Die Corona-Pandemie ist eine Bedrohung, die die ganze Gesellschaft betrifft. Mit Maßnahmen wie der Quarantäne oder der Ausgangssperre gibt es massive Einschränkungen in unserer Bewegungsfreiheit. Es gibt kaum „Zufluchtsorte“, an denen das Thema nicht spürbar ist.

Das kann ängstlich, ohnmächtig oder wütend machen. Aber wir können in dieser Situation – durch Austausch mit Freund_innen oder Unbekannten – auch erfahren, dass wir mit unseren Sorgen nicht alleine dastehen.

Wir können das Übertragungsgeschehen des Coronavirus mit vielen Maßnahmen verringern. Darüber hinaus haben wir es jedoch nicht in der eigenen Hand, ob wir uns nicht vielleicht doch selbst anstecken.

Wir können eine Menge dafür tun, dass die „Corona-Krise“ nicht auch zur persönlichen Krise wird

Wir können aber eine Menge dafür tun, dass die „Corona-Krise“ nicht auch zur persönlichen Krise wird.

Im jetzt geforderten und für viele schwer auszuhaltenden „Social Distancing“, bei dem genau genommen ja nur ein körperliches Distanzieren gemeint sein kann, könnte gar eine Chance liegen.

Vielleicht üben oder reaktivieren wir andere Kommunikationsformen? Und Rückzug kann auch Raum und Zeit schaffen, über das eigene Leben nachzudenken.

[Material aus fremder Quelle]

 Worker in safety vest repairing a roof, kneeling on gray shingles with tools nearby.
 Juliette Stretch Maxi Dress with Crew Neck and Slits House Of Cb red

Kommen wir gesund und mit nicht allzu vielen Blessuren aus dieser Zeit, finden wir uns vielleicht „danach“ mit einem neuen Kompass für die Zukunft wieder.

Steffen Taubert ist Diplom-Psychologe und in Sexualberatung sowie integrativer, körperorientierter Psychotherapie ausgebildet. Bei der Deutschen Aidshilfe ist er Referent für Psychosoziales und Qualitätsentwicklung.